(Given records)

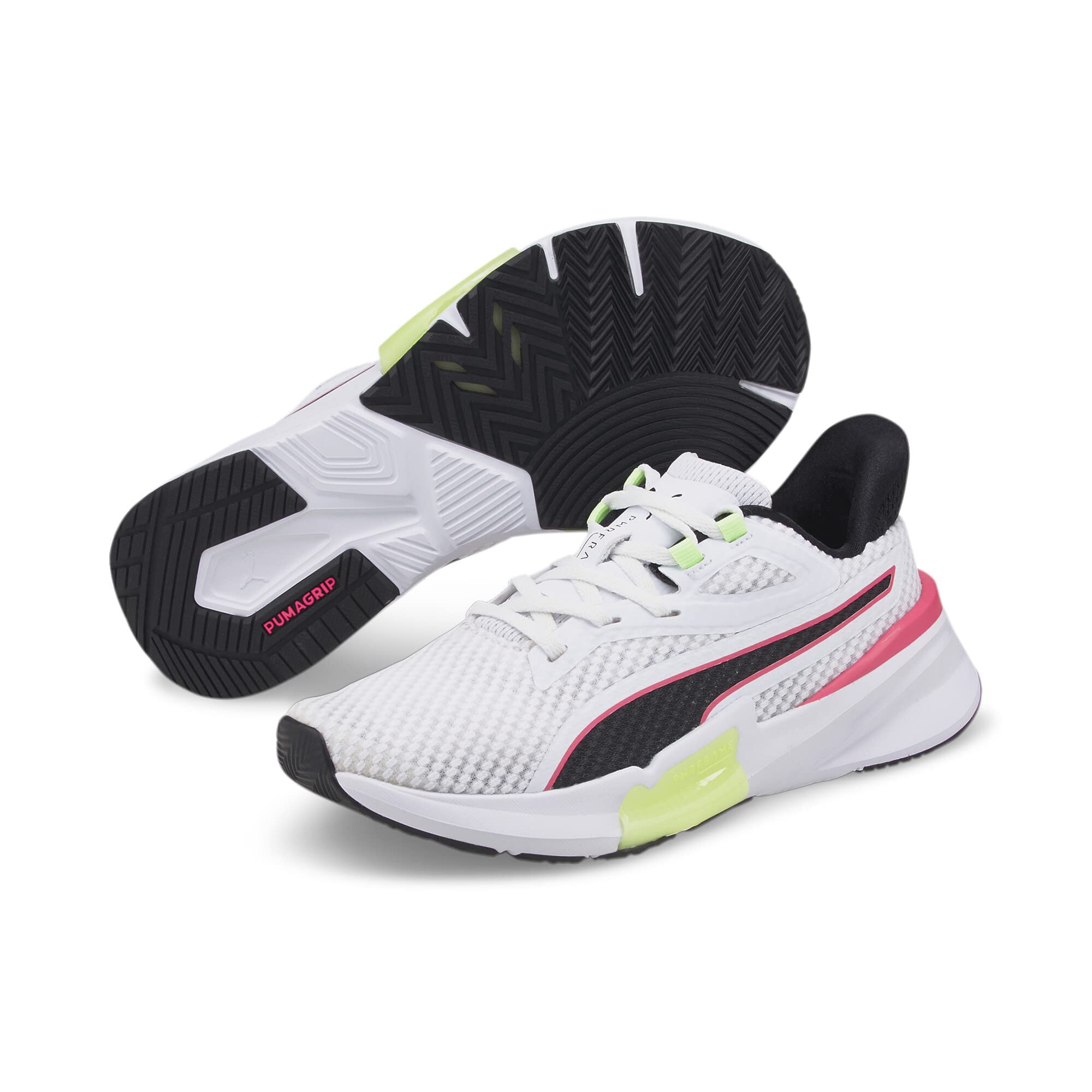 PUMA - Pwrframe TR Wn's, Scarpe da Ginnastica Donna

(End Given records)
(Given records)

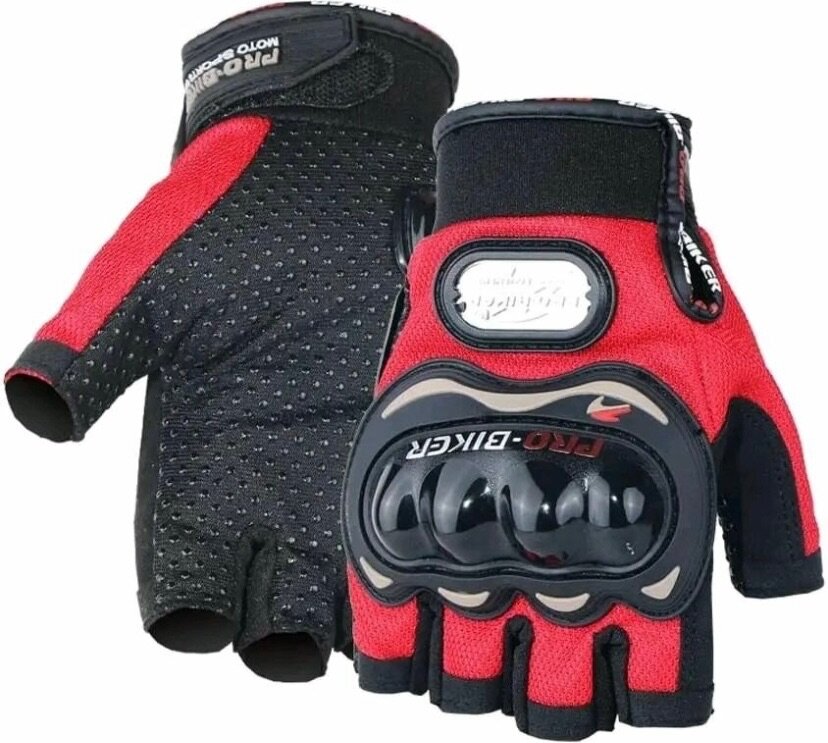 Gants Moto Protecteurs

(End Given records)
(Given records)

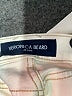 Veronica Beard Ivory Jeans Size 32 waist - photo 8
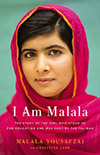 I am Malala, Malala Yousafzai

(End Given records)

▶ What you should do
Above are records with pictures. Reproduce exactly only the lines from the line with "Veronica Beard Ivory" through the line with "I am Malala, Malala Yousafzai", both ends included, and leave the pictures out.

▶ Task solution
 Veronica Beard Ivory Jeans Size 32 waist - photo 8
 I am Malala, Malala Yousafzai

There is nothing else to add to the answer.